The forest towers behind me and to my left catch a glimpse of the snowcapped peaks of Sinchalagua. I’m showered in sunshine. I’m swaddled in sweat and warmth. The rain begins to fall softly as my heart pumps endorphins to every cavity of my body.

I feel like a child again, transported to a rainy spring day in Connecticut. My big brother and I splash through our flooded street wearing bright yellow rain boots. We turn over rocks and search for worms. Our fingernails are full of dirt and my knees are scraped from falling off of my bike earlier that morning. I wear a hello kitty Band-Aid with pride.

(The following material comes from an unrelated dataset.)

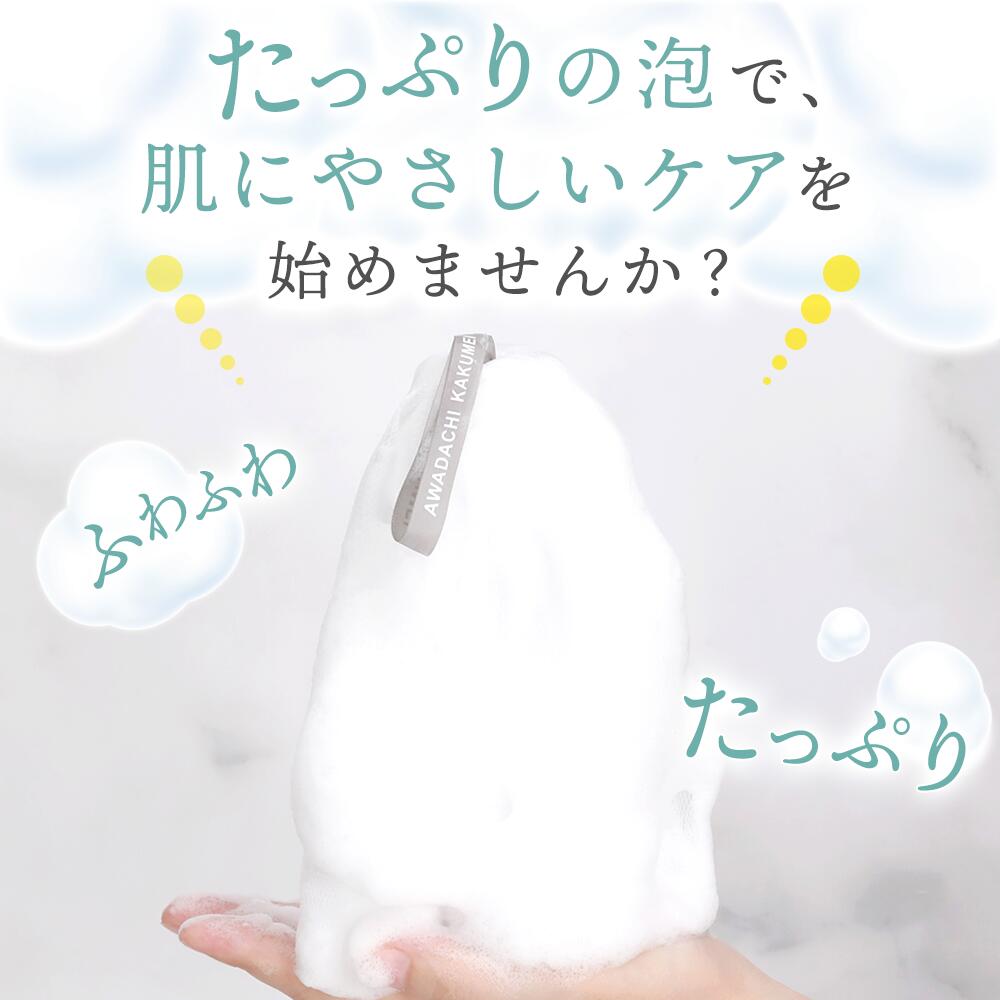 楽天市場】洗顔ネット 『泡立ち革命』泡立てネット 洗顔 泡立て器 4層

This distant version of myself existed to experience, not to be experienced.

As I’ve grown older I have forgotten that my body isn’t for others. I’m not some sculpture meant for scrutiny. I don’t have to be pretty from every angle. I don’t exist as a one dimensional art form or a quiet mannequin curated from marble and fastened to the halls of the MET.

I’m a culmination of all of my parts. Even the ones I cannot see. I am a composition of stories, adventures and struggles; some of which have altered the appearance of my bone, skin and body.

There’s a dialogue in my head between a brave five year old child dawning rain boots and road burn and a 23 year old-version who thinks she needs to be palatable from all angles.

“You don’t have to swallow your tongue to make your profile look less obscene.”

“You don’t have to suck in your stomach to enjoy the beach.”

“You don’t need to shave your bikini line to be worthy of love and affection.”

I suppose that sometimes wisdom isn’t synonymous with age, it’s actually synonymous with naivete.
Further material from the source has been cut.